BC級戦犯として死刑になった成迫忠邦(米国立公文書館所蔵)

スガモプリズンの二代目教誨師、田嶋隆純は、1953年に出版した書「わがいのち果てる日に」(講談社)の中で、死刑執行の前後について記している。

石垣島事件の死刑執行は深夜、4月7日金曜日に日付が変わってすぐ、午前0時半からだった。執行される死刑囚7人が、スガモプリズンの死刑囚の部屋から連れ出されたのは、水曜日の夜。スガモプリズンの所長をはじめ米軍将校たちが居並ぶ部屋に連れていかれ、ひとりずつ執行を宣告された。

田嶋教誨師によると、死刑の執行が宣告された後、「何か希望はないか」と聞かれ、死刑囚たちは「日記や遺書など自分が書いたものを必ず家族に届けてくれ」と願っていたという。

そして所長はいつでも「たしかに承知した。遺書は今から明日いっぱい書く自由が与えられているから」と断言していたそうだ。しかし、実際は当局から遺族に何一つ渡されたものはないという。

◆田嶋教誨師がとった「非常手段」

「巣鴨の父」田嶋隆純教誨師

<わがいのち果てる日に 田嶋隆純>講談社エディトリアルより2021年復刊
誰の日記も遺書も、当局から何一つ遺族に渡されぬまま今日に至っているのが事実である。これについては当時、五棟(注・死刑囚が収監された棟)の人すべてが非常な関心を払っていて幾度となく係将校に確かめていたようである。私も、前の人達のは家族に渡っているかとしばしば訊ねられた。しかし、巣鴨当局から総司令部の方へ出ることは確かだが、その先が分からない。だから、最後の夜を迎えた人々の危惧を払うためには、私自身が非常手段で持ち帰る他はなかった。

◆紫衣の袖に遺書を隠して

巣鴨版画集より 13と書かれた扉の奥に絞首台があった

田嶋教誨師が取った「非常手段」は以下の方法だった。

<わがいのち果てる日に 田嶋隆純>
止むなく私は各房を訪れるたびに、畳の上に置いてもらってある紙の上へ、パーッとわざと衣の裾を広げて座り込み、扉から四、五人も覗いている看視兵らの目をかすめては、紫衣の袖に隠し持って外に出て来るのだった。人数の多いときは次々と房を一回巡るだけでも、相当な紙数に達する。それを何食わぬ顔で教誨師室まで運び込んでおいては、またしばらくして取りに行ったものである。
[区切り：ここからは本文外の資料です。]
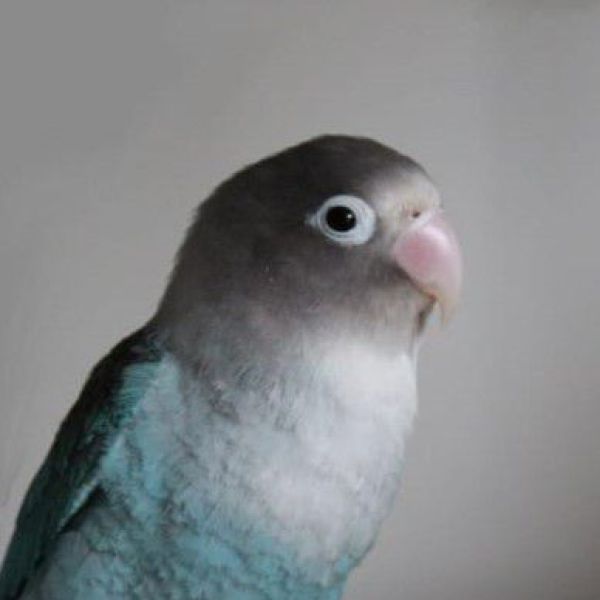 Lilo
ところで不審なのは、当人たちに支給される分厚い便箋が減っているのだから、その分がどこへ消えたか、あれだけの看視兵の誰かが当然気づかねばならぬはずなのである。しかしいつのときでも、その間あるいは見送りの後にもついぞ一度の不審を打たれたこともなかった。分かればもちろん私のいい開きようはなかったはずである。これについて私は恐らく管理当局が暗黙のうちに了解していてくれたことと今でも深く感謝しているのであって、いわゆる武士の情けをもって見逃してくれていたその寛容とヒューマニティーに対し、ここに心からの敬意を払いたい。


こうして、スガモプリズンで処刑されたBC級戦犯たちの遺書は、米軍の黙認のもと、田嶋教誨師によって所外に持ち出されたのだった。